Of course, being dumped by Carl was something that didn’t just affect me, it was also going to have repercussions amongst our circle of friends. Everyone has a circle of friends don’t they? You meet someone and become friendly with them, and over time you get to know the other people they hang about with – their partner, their mates, and their house-mate. Sometimes you become friendly with them and they become more than just friends-of-friends and become mates in their own right. Carl and I have known each other for more than twenty years from the day we first met at school. We had school friends in common. I knew some of his friends from university, and some of his friends from his life in London. Many of these I would be able to drop without a second thought (especially that guy I have met about once, but he somehow wangled his way into our Fantasy Football League and proceeded to win it every year). But others…. Others are a part of the fabric of my life, and I can’t let them go so easily. Some of them I have known for nearly as long as I have known Carl. We went to the same schools. We hung out together. They are my mates, and they are Carl’s mates. I have been dumped and they have not been dumped. How are they supposed to react to this news? When a couple of your acquaintance splits up, although there is often much noble talk about remaining friendly with both halves, in reality this is an extremely difficult trick to carry off, and you always end up choosing. Is this the same scenario? Are our friends going to have to sit down and decide between us? Is this an exercise that they can go through by themselves, or are they able to have some kind of conference to discuss it, to list out the pros and cons.

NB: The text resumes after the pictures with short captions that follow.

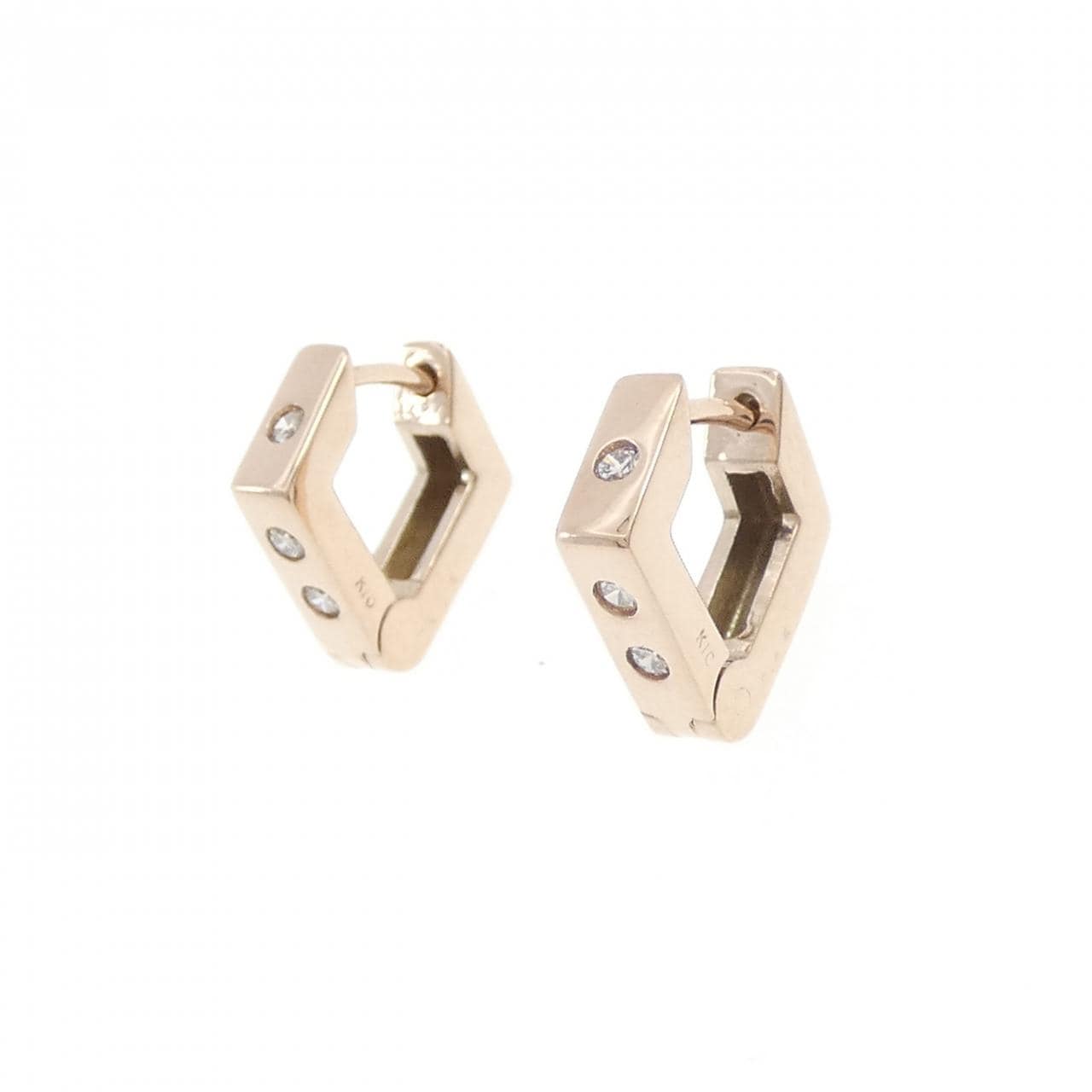 K10PG ダイヤモンド ピアス 0.08CT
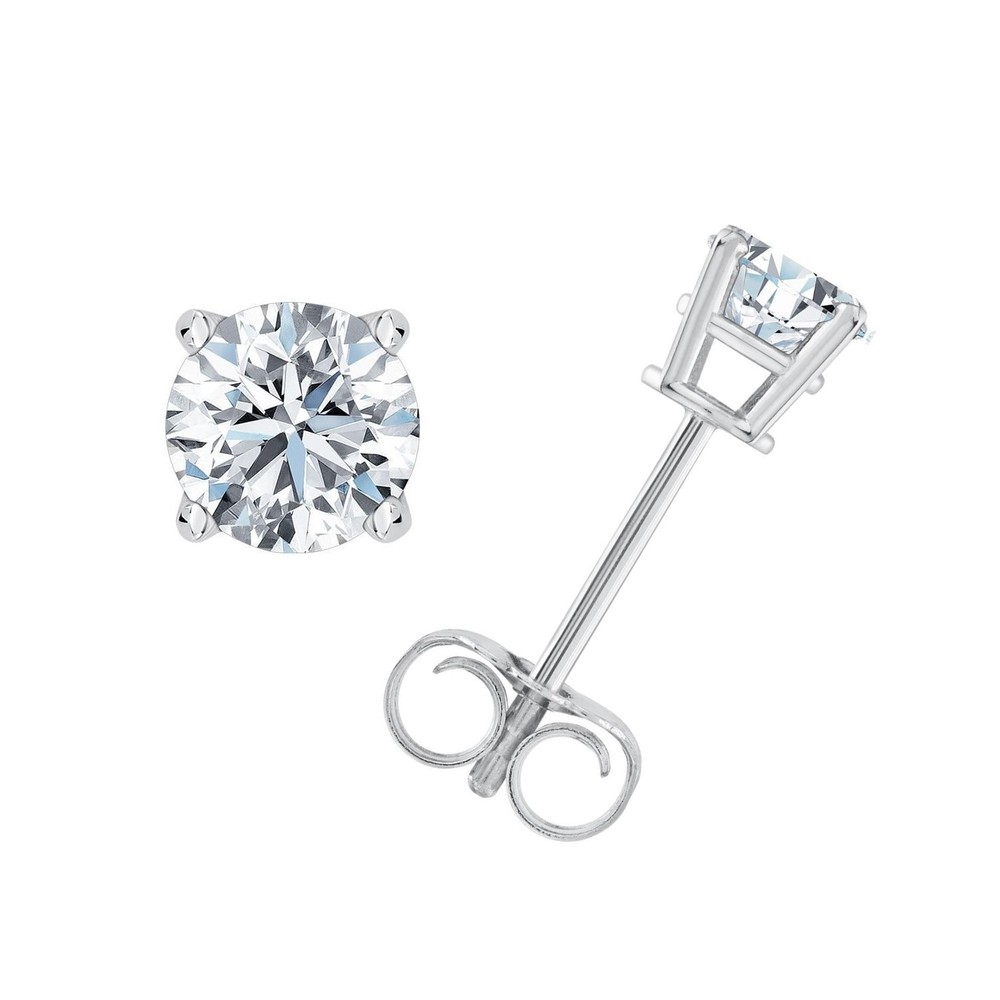Small Austrian Zircon Stud Earrings Basket Setting 3mm Solid 14k White Gold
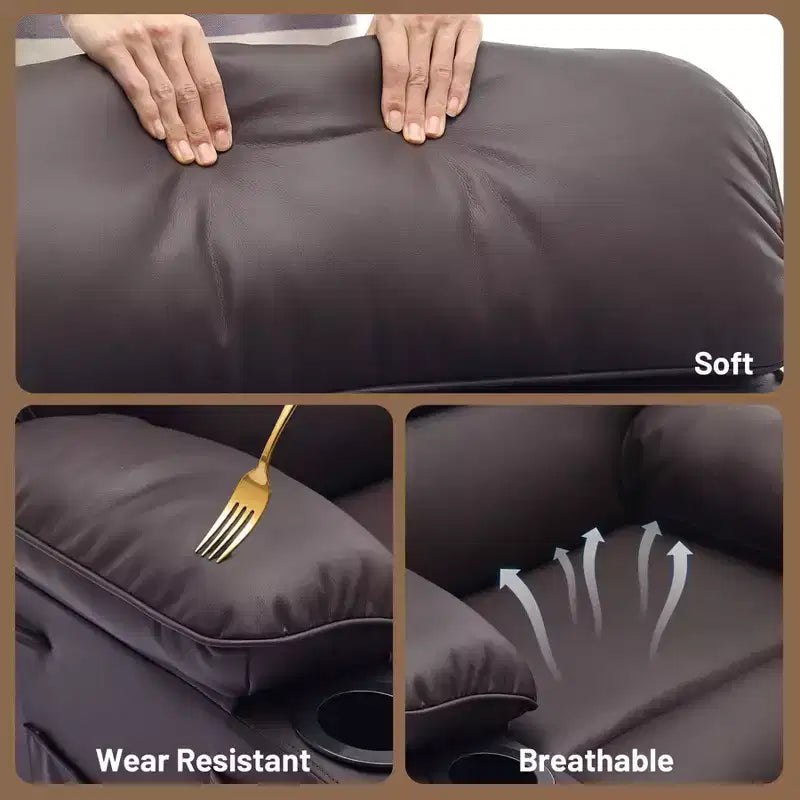 Fauteuil inclinable manuel extra large en cuir PU pour adultes avec massage et chauffage, grand fauteuil paresseux avec accoudoirs et dossier confortables 1,5 fois plus épais en éponge pour salon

Maybe I should call them. I think I might need to state my case.

---

I'm away next week, but maybe I'll get something written the week after, eh?

3 Comments:

At 2:26 PM, Blogger Alecya Giovanni said...

I love that phone conversation... It gives me a giggle every time.

Ace.

 
At 9:22 PM, Blogger Ka said...

You're like the anti-James Frey: it's ruthlessly autobiographical, yet you're calling it fiction!

I've managed to read up to Chapter 7 in the copy you emailed me, but I'm really crap at reading things on a computer screen. I'm enjoying it very much.

 
At 9:40 PM, Blogger SwissToni said...

well, I'm calling it "fiction" (but I'm glad you're enjoying it!)

I'd caution against reading it as autobiography though. Some is drawn very closely from my own life (as you can see), but as we go through, that becomes less and less reliable!

...but you'll have to wait and see, won't you (unless I've inflicted an emailed copy on you already!)